**Exercise:** Among the records below, find the line with "Toyota Camry 2018" and the line with "Апартаменты Paola'S Full". Set down both and every line between, exactly and with no pictures, but nothing else.

**Data shown:**
★ ★ ★

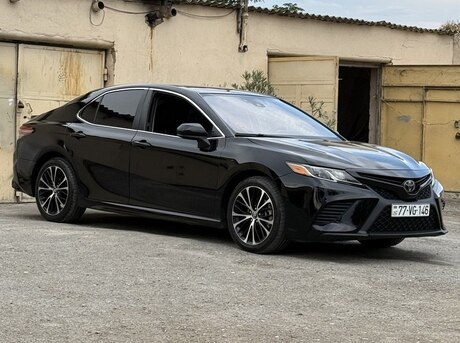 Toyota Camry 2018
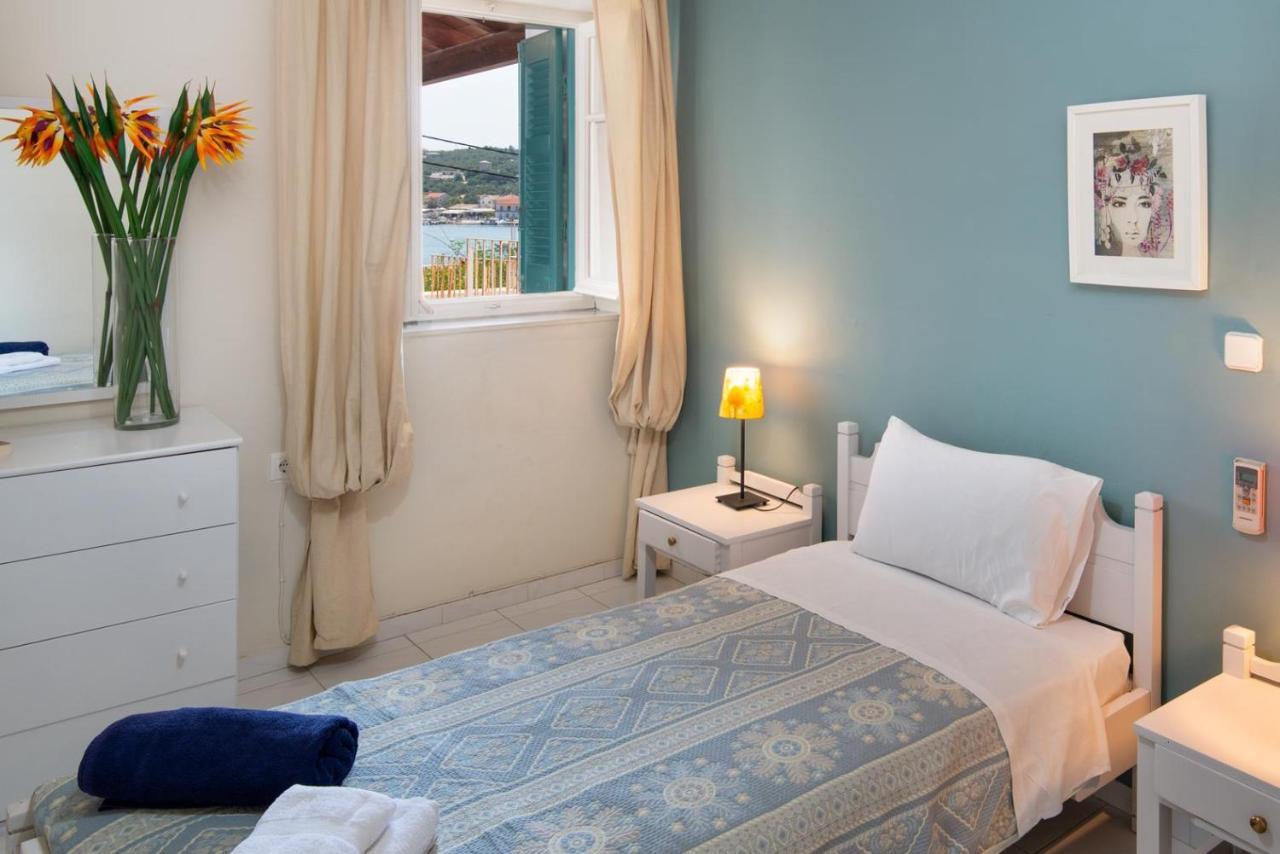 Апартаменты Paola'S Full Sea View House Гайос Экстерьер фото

★ ★ ★

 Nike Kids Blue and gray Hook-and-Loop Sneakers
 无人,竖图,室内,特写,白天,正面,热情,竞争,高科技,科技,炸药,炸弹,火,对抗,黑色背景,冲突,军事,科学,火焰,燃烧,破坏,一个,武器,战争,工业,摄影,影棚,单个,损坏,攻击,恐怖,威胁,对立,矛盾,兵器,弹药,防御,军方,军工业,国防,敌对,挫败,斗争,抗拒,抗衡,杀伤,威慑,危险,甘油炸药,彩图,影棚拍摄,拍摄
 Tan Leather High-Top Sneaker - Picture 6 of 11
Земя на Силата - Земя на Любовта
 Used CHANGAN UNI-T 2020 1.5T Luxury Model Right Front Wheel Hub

★ ★ ★

**Written answer:**
 Toyota Camry 2018
 Апартаменты Paola'S Full Sea View House Гайос Экстерьер фото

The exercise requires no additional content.